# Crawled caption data

==================================================

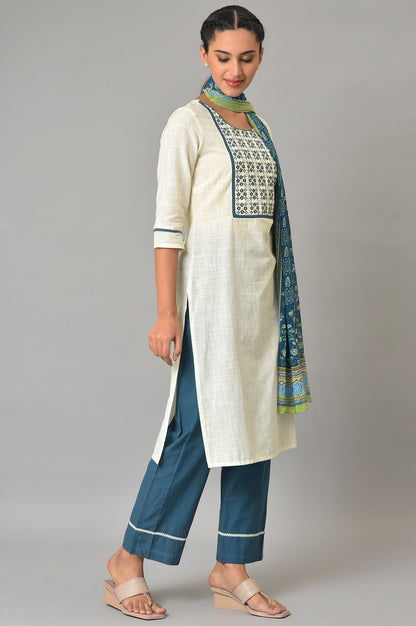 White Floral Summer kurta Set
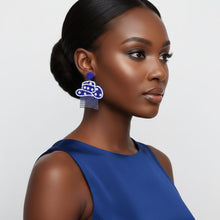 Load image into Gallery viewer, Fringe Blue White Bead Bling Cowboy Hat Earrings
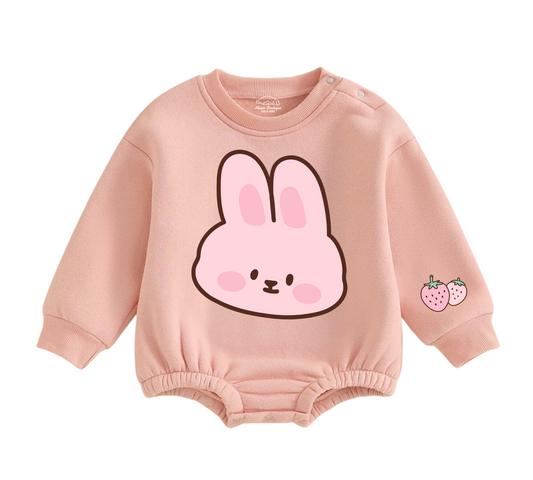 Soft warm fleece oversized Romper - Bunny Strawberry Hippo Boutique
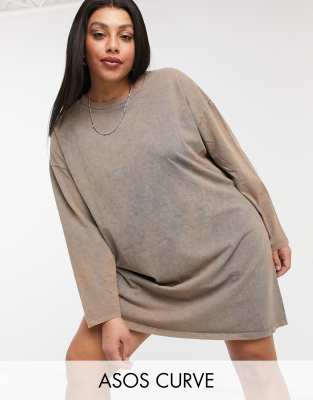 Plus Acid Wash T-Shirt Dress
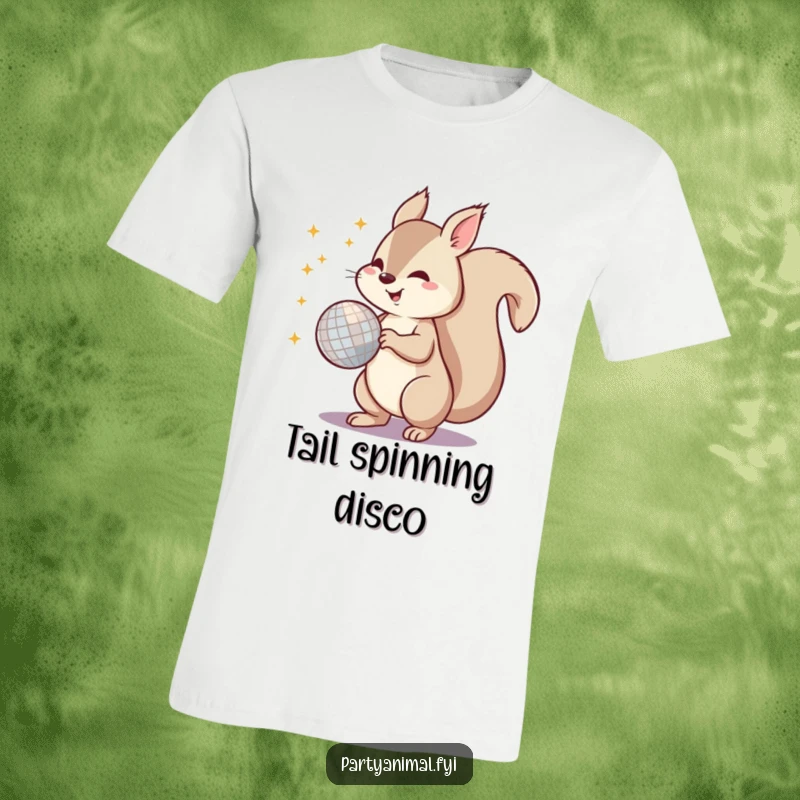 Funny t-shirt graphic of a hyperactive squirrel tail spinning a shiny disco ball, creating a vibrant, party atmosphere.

==================================================

# Exercise prompt
I would like the data copied exactly as it stands, with no pictures included.

# Response below
 White Floral Summer kurta Set
 Load image into Gallery viewer, Fringe Blue White Bead Bling Cowboy Hat Earrings
 Soft warm fleece oversized Romper - Bunny Strawberry Hippo Boutique
 Plus Acid Wash T-Shirt Dress
 Funny t-shirt graphic of a hyperactive squirrel tail spinning a shiny disco ball, creating a vibrant, party atmosphere.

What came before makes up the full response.